Résultat : la Martinique importe la quasi-totalité de son carburant, thermique comme fossile, alors qu'elle dispose sous ses pieds d'une ressource capable, sur le papier, de réduire sa dépendance énergétique et de créer de l'emploi agricole. Un sujet qui mériterait, chers lecteurs, un vrai débat public local plutôt qu'un dossier d'étude qui prend la poussière depuis 2006.

Le biocarburant va-t-il sauver le moteur thermique ?

Posons la question franchement : ces carburants alternatifs vont-ils permettre au V6, au V8 et au diesel de continuer à rugir indéfiniment, contre vents et marées réglementaires ??? La réponse honnête est nuancée. Oui, le bioéthanol et le HVO100 prolongent réellement la durée de vie utile du parc thermique existant, en réduisant ses émissions sans nécessiter le moindre achat de véhicule neuf : c'est une bonne nouvelle immédiate pour quiconque roule aujourd'hui en Martinique avec une mécanique qu'il n'a ni les moyens ni l'envie de remplacer par un modèle électrique.

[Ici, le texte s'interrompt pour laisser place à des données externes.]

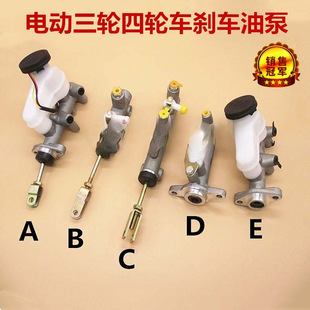 늄���݆���늄�܇�x܇���̈́x������݆�̈́x��Һ���̈́x�ƄӉ�����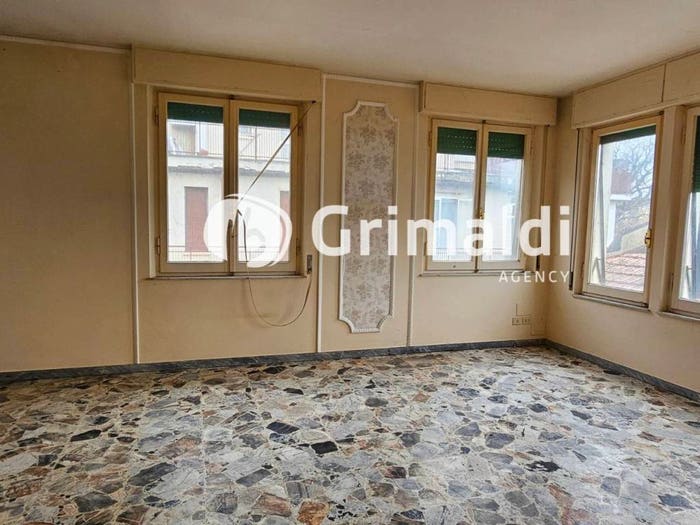 Appartamento quadrilocale in vendita in Via Giuseppe Sabatini, Centro, Chianciano Terme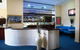 Comfort Inn Silver Birch - thumb 5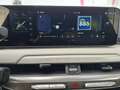 Kia EV4 HB FWD 81,4kWh GT-Line **SCHIEBEDACH** Grau - thumbnail 25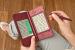 Nintendo 3DS - Preisklasse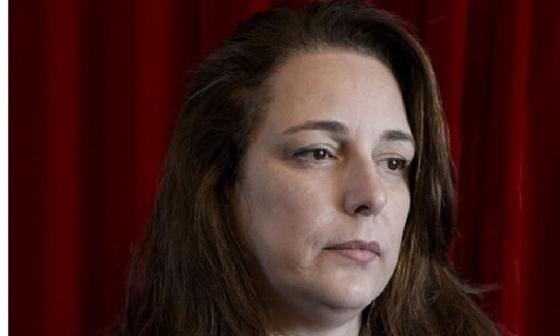 Tania Bruguera, Instituto Instar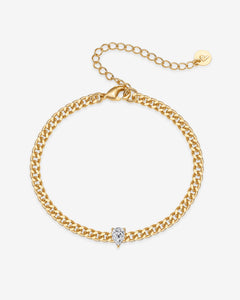 #Variant_Yellow Gold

Mais non, les biocarburants ne « sauveront » pas le thermique au sens où ils ne pourront jamais couvrir 100% de la consommation mondiale de carburant : les surfaces agricoles disponibles, la concurrence avec les cultures alimentaires et le coût de production actuel du HVO100 imposent des limites structurelles claires. Le biocarburant n'est donc pas un substitut à l'électrification, mais un partenaire de route : une solution de transition pour les véhicules déjà en circulation et les segments où l'électrique peine encore à convaincre, en attendant que les infrastructures rattrapent les ambitions.

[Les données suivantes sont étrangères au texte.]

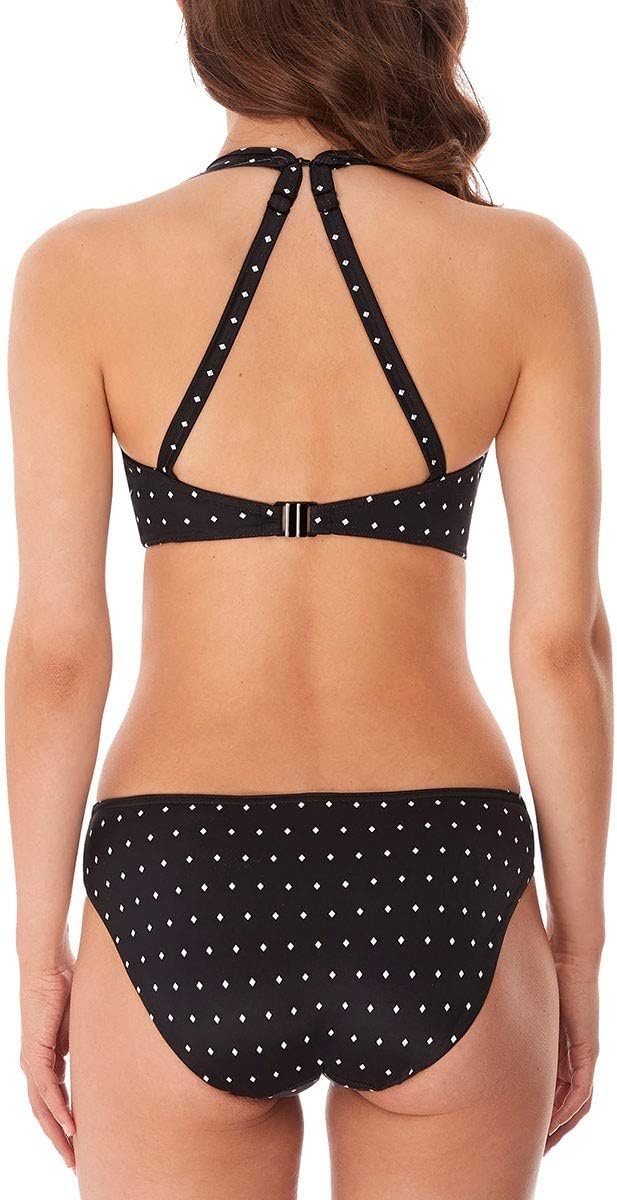 image:imageFreya Swim Womens Jewel Cove Bikini BriefBlack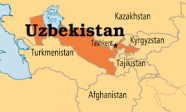 uzbek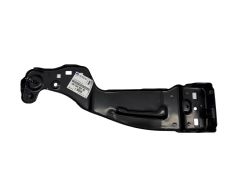 Befestigung, Halterung Rechts Vorne Neues Original 9823980280 Citroen Peugeot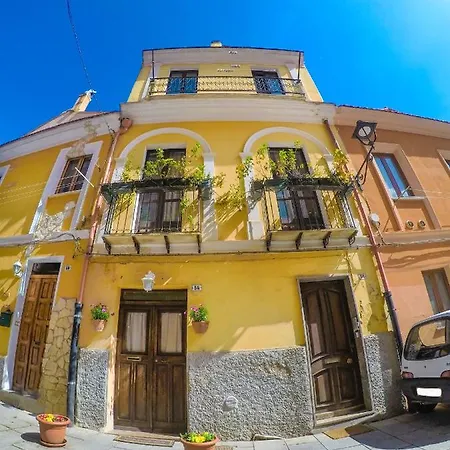 Jp Hébergement de vacances *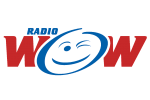 Radio Wow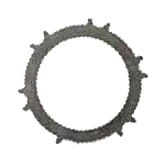 3125147R1 Przekładka Tarczy CASE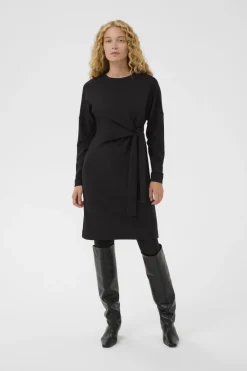 Inwear Mekot|Kaikki Mekot Ja Hameet><noscript><img width=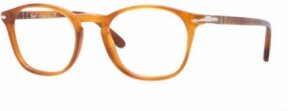 Lunettes de vue Lunette PO3007V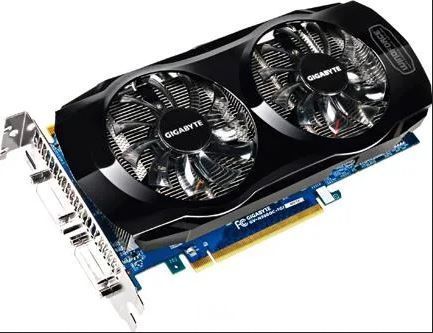 כרטיס מסך 5060TI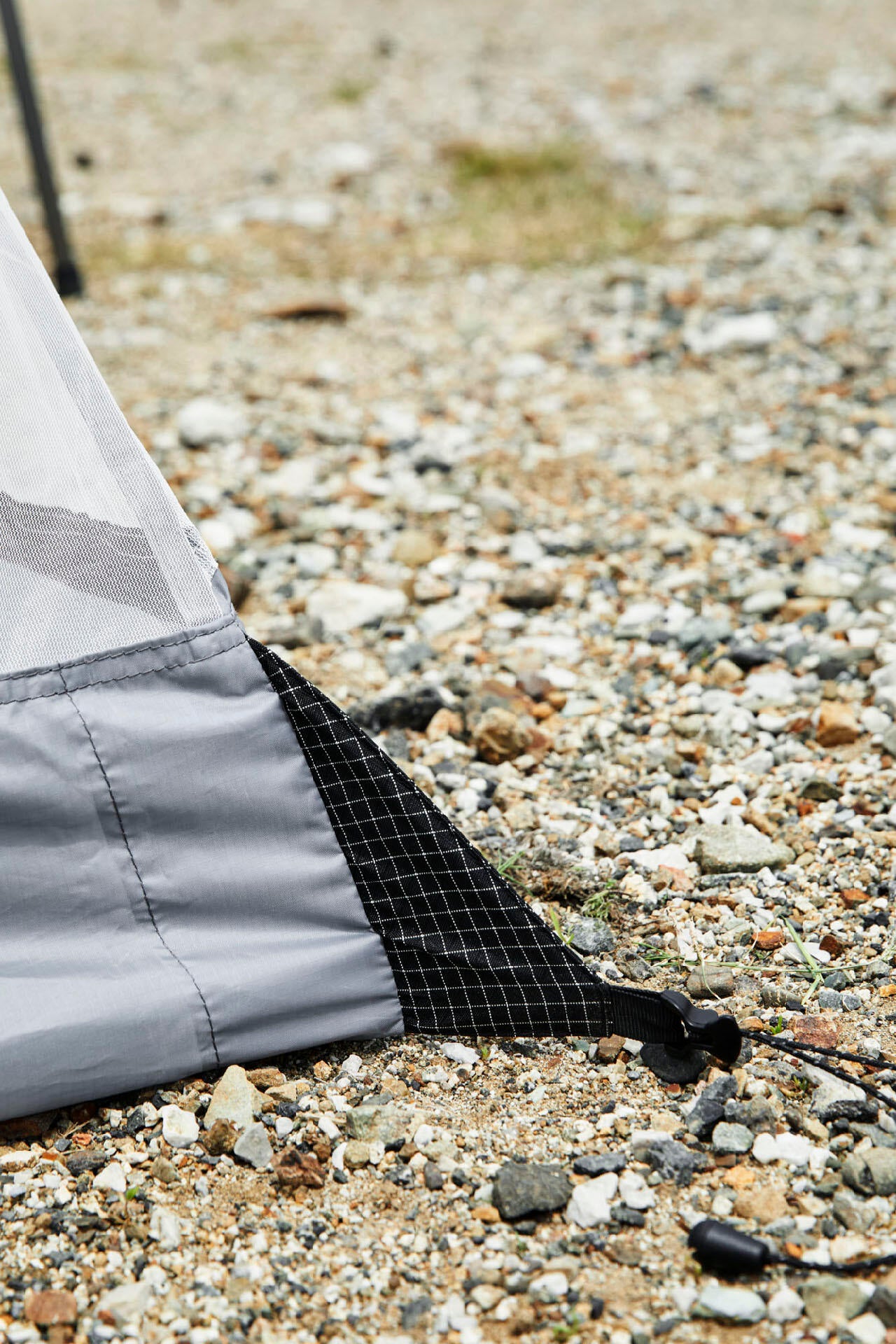 dc0248ab-f9d7-5110-9f01-8832570220da_Image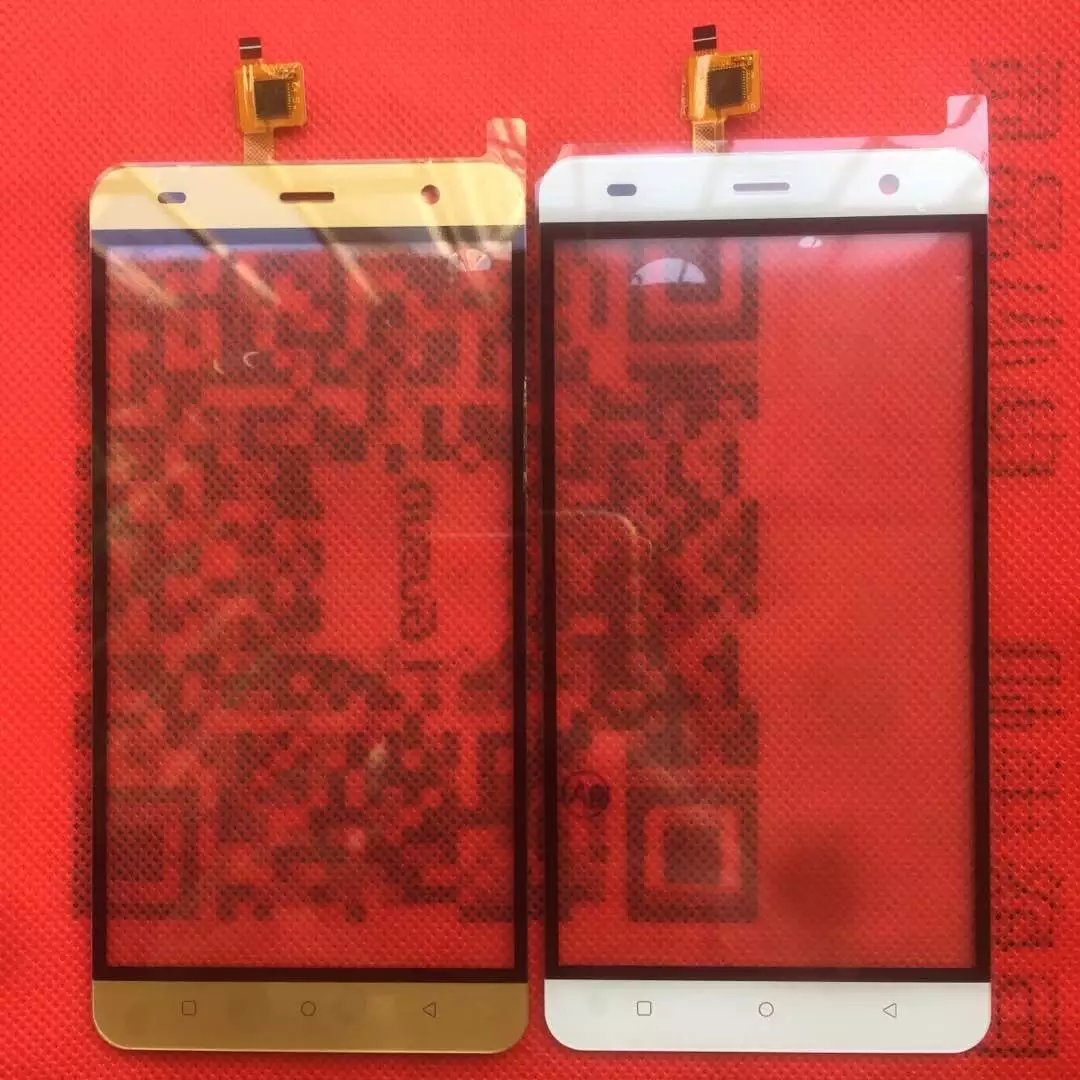 推荐最新长虹厨房电器 长虹厨房电器官网信息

Pour la Martinique, la vraie question posée par ce dossier n'est peut-être même pas technique. Elle est politique et économique : voulons-nous continuer à importer tout notre carburant, ou sommes-nous prêts à rouvrir, vingt ans après, le dossier d'une filière bioéthanol locale à base de canne à sucre ? GTMAG.fr suivra ce sujet de près.